The IEMA reports that its members, based in business and industry, earn significantly more than their colleagues in other parts of the economy.
Income data from the IEMA Practitioner's Survey 2016. Figures are intended as a guide only.
Working hours vary according to the industry. The public sector typically has working hours of 9am to 5pm, Monday to Friday. Flexitime and other benefits, including a final salary pension scheme, health insurance and an option to work from home, are sometimes available. In the private sectors, hours are more likely to vary, with some weekend work.
Part-time work or career breaks may be possible in some organisations.
What to expect
- The proportion of time spent in an office, or on site, varies according to the employer, the exact role and any particular requirements of specific projects.
- Self-employment and freelance work are possible in environmental consultancy.
- Work opportunities exist throughout the UK and some organisations offer the opportunity to travel and work overseas.
- Figures from the IEMA show that over 50% of professionals work in organisations employing 1000+ people.
Although this career is open to all graduates, it may help if you have a degree or HND in one of the following subjects:
- earth sciences
- environmental engineering
- environmental health
- environmental sciences or management
- engineering with a sustainability focus.

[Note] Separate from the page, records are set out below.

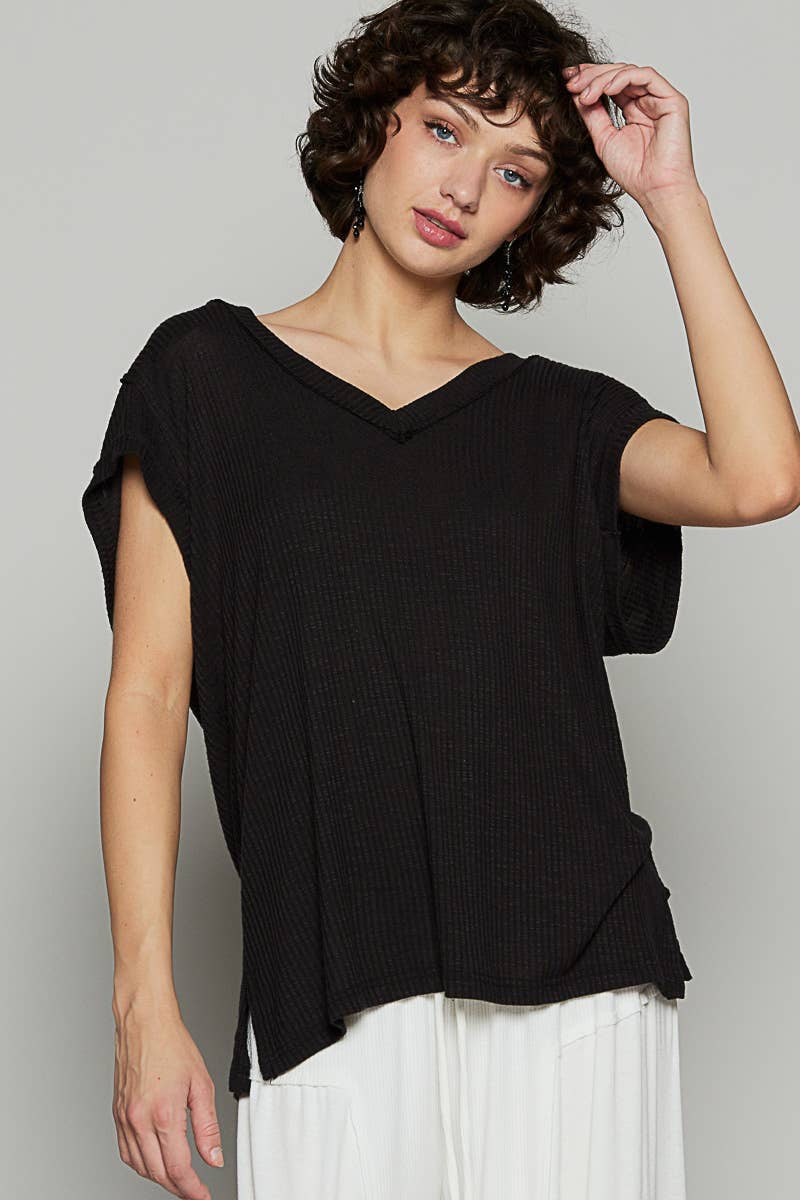 V-neck Short Sleeve Solid Basic Top- Black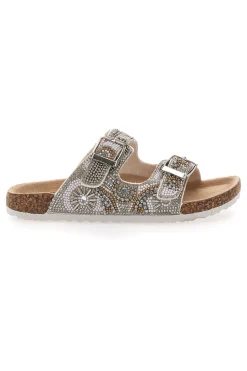 PITT KIDS Ciabatte bianche con doppia fibbia e glitter 14501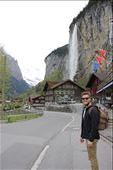 Lauterbrunnen. . A beautiful town at the very bottom of the mountains.. it had a stunning mix of scenery with green mountains..wwaterfalls and then snowy alps in the back.: by hethoandstokesyseuropeanadventure, Views[253]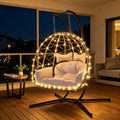 Double Egg Chair Outdoor, 2 Person Hanging Egg Chair with Stand, Patio Wicker Egg Swing Chair for Garden, Backyard, Balcony, 600Lbs Heavy Duty (Gray with Light)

A relevant degree, or postgraduate qualification, provides the necessary skills for employment in this field. However, a business qualification or experience in the area of business activity carried out by a company may be considered as important as knowledge of environmental aspects.
If you wish to undertake postgraduate study and specialise in a specific area be sure to research your area of interest to ensure there are sufficient employment opportunities.

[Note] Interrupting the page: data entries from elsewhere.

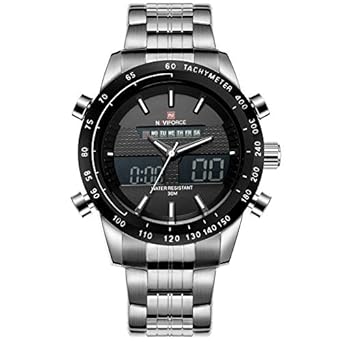 Silver Day Date Window Screen Analog Digital Multi Function Wrist Watch for Men & Boys(NF9024S/B/W).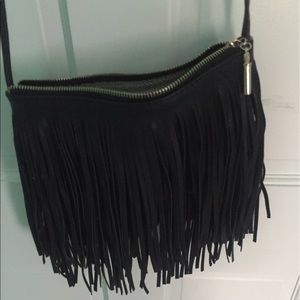 Black fringe cross body bag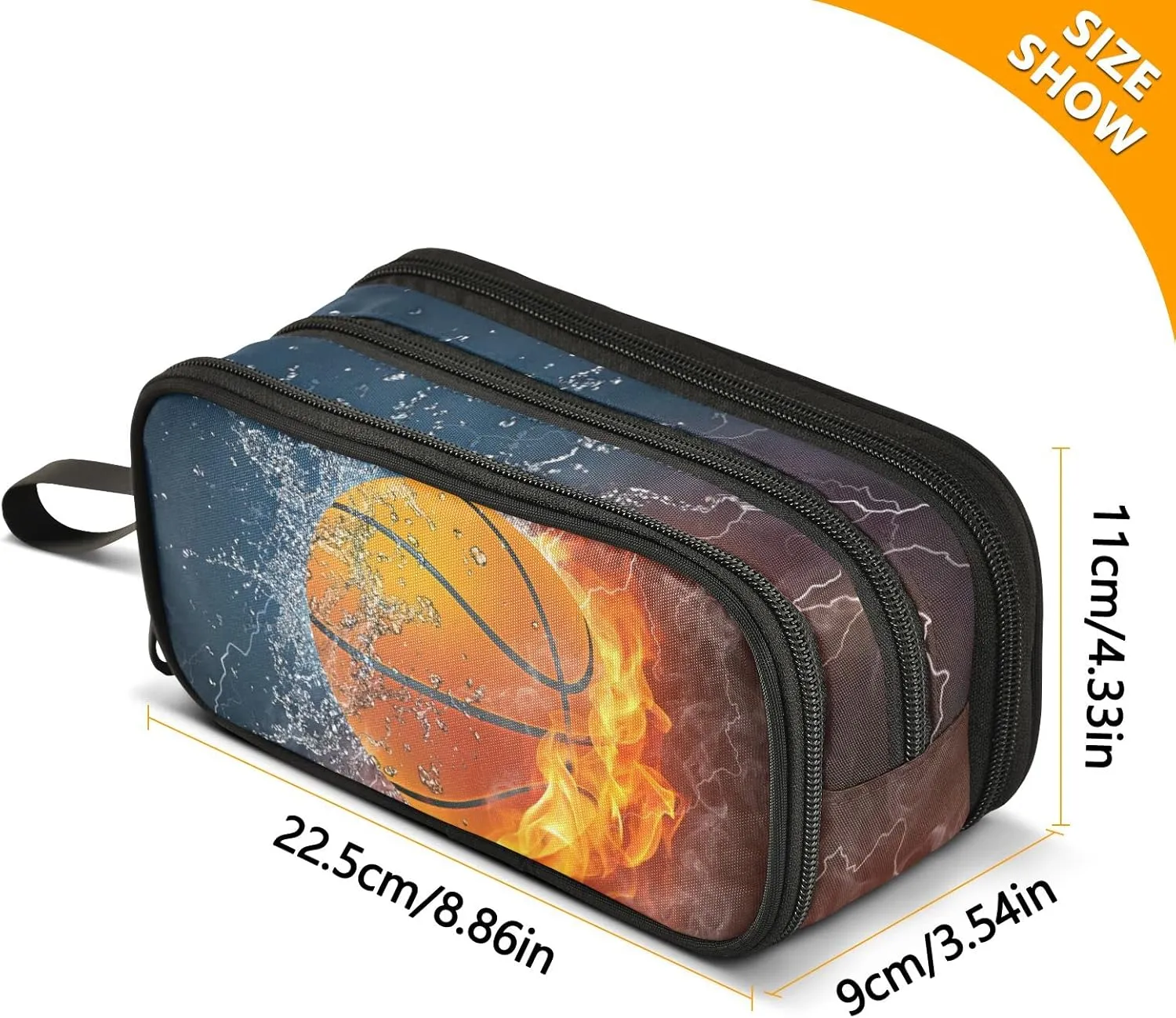 Large Capacity Pencil Case Pencil Pouch Office School Large Storage Pen Bag 3 Compartment pencil box for Adults School Teen Girl Boy Men Women (Basketball)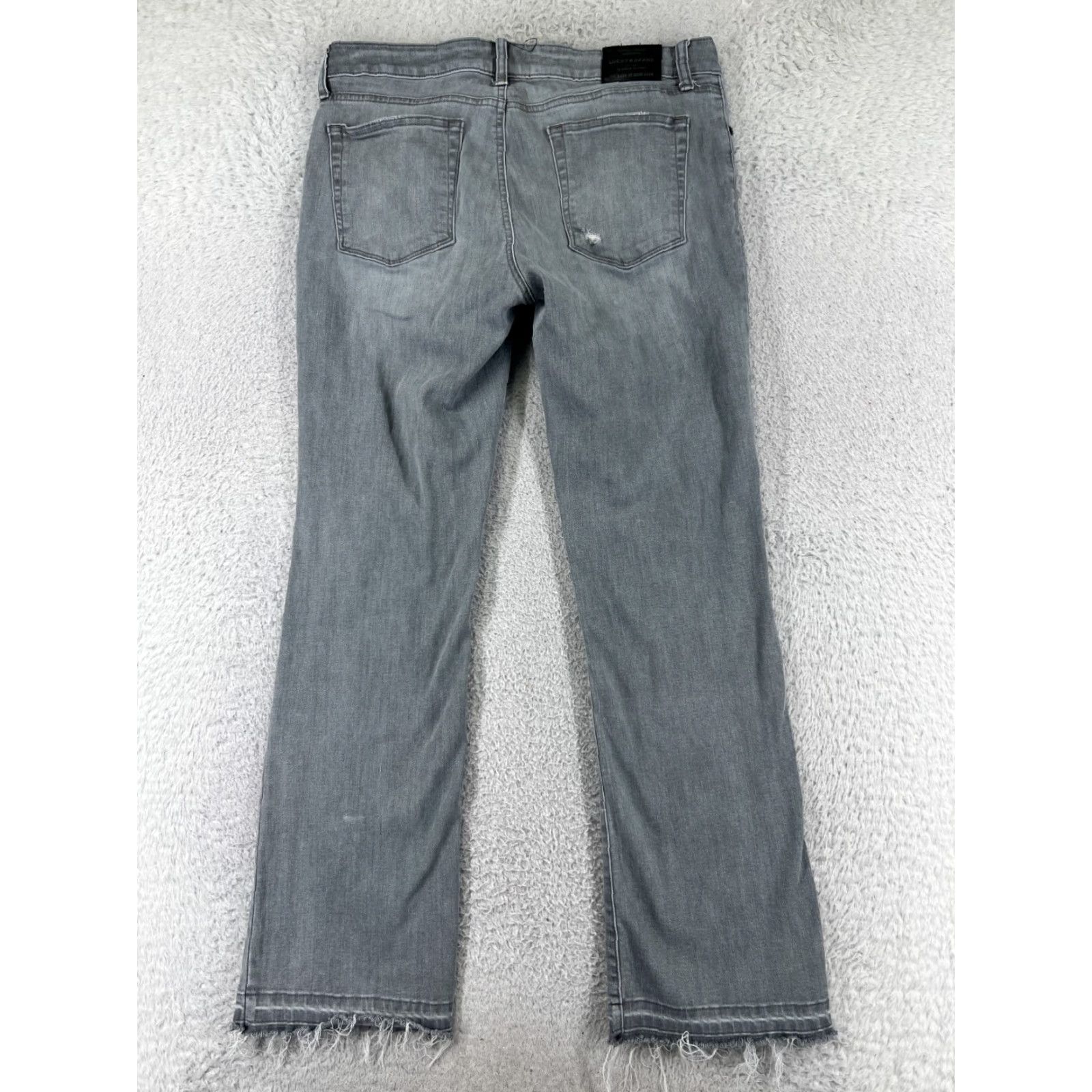 Lucky Brand Lucky Brand Jeans - Womens 12 Gray Denim 5-Pocket Regular Capri Distressed Mid Rise Size 34" / US 12 / IT 48 - 2 Thumbnail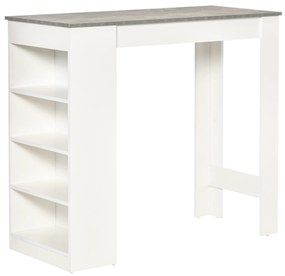 HOMCOM Masă de Bar Masă Înaltă Tip Bistró de Bucătărie cu Raft de 4 Nivele Stil Modern din Melamină pentru Dining Sufragerie 115x50x102,7 cm Alb și Gri | Aosom Romania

Once employed, postgraduate diplomas offer the chance to develop particular interests. For students, the equivalent length of practical experience is viewed on a comparable level.
According to data from the IEMA, approximately half of environmental and sustainability professionals have a Masters degree or higher. Membership of a relevant professional body is desirable by employers.
Search for postgraduate courses in environmental management.
You will need to:
- understand and utilise systems to carry out problem solving
- show initiative, to recognise emerging problems and pro-actively develop solutions using methods such as systems thinking
- negotiate and organise
- stimulate and manage change
- demonstrate strong leadership and influence
- display a high level of computer literacy
- show commercial awareness and an understanding of business
- be self-motivated and able to motivate staff at all levels
- communicate effectively, both orally and in writing
- manage projects as well as produce and deliver presentations
- establish effective networks within the company and with external organisations.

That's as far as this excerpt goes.